PCA reduces data set dimensions while trying to keep most variations in data set.
PCA can be used as a dimension reducing technique in discrimination, however it tries to keep the most discrimination power rather than keep most variations as more variation does not necessarily mean the separation of different group of data is maximum. So Chang (1983) in his paper "On using principal components before separating a mixture of two multivariate normal distributions" suggest using Mahalanobis distance in some way to measure it.
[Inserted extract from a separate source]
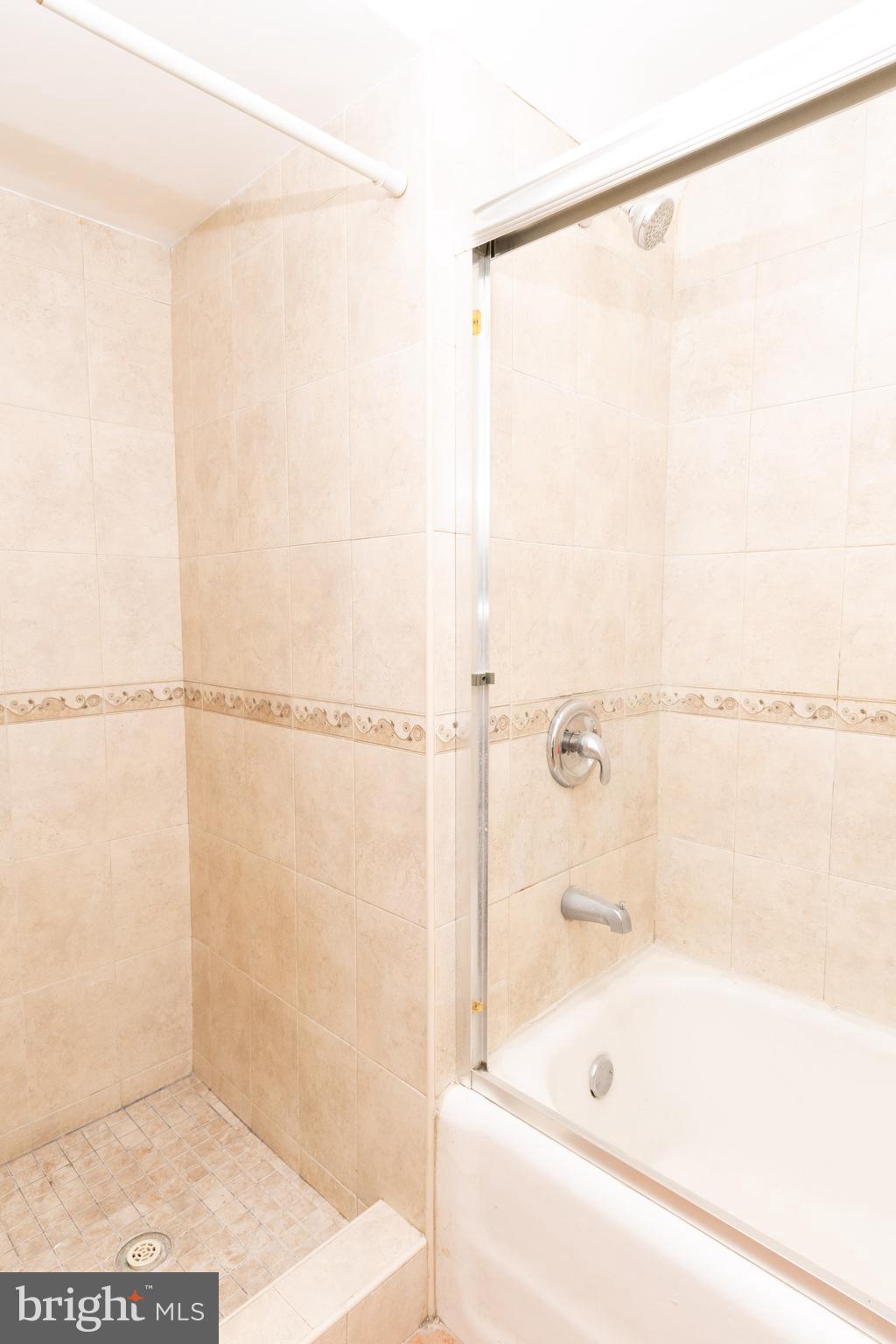 291 Sanford Road Upper Darby, PA 19082 - Photo 10 of 18 a bathroom with a bathtub and a shower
His paper can be found here: http://www.jstor.org/discover/10.2307/2347949?uid=3738032&uid=2129&uid=2&uid=70&uid=4&sid=21100901419681
Does the method work well when the data size are very different (consider two groups only), Say sample sizes have ratio 1:99? If it does not work well, how to handle the problem?
I have read literature about rebalancing data set for PCA, but there are no theoretical and mathematical explanation for how rebalance data can help increase the performance of PCA. Is there any literature for the mathematical explanation part?
Best Answer
I addressed your confusion about PCA in your other question. The correct version of your statement is that PCA attempts to characterize most of the variation in the in a lower dimensional space. As I explain in the answer to the other post PCA is not used for discrimination. It has been used to do clustering after reducing dimension to a subset of the principal components.
If by imbalance of the data you mean one cluster center has many more points arund it than another then that may affect the ability of any clustering method at identifying the smaller cluster but the magnitude of separation of the clusters is probably more important.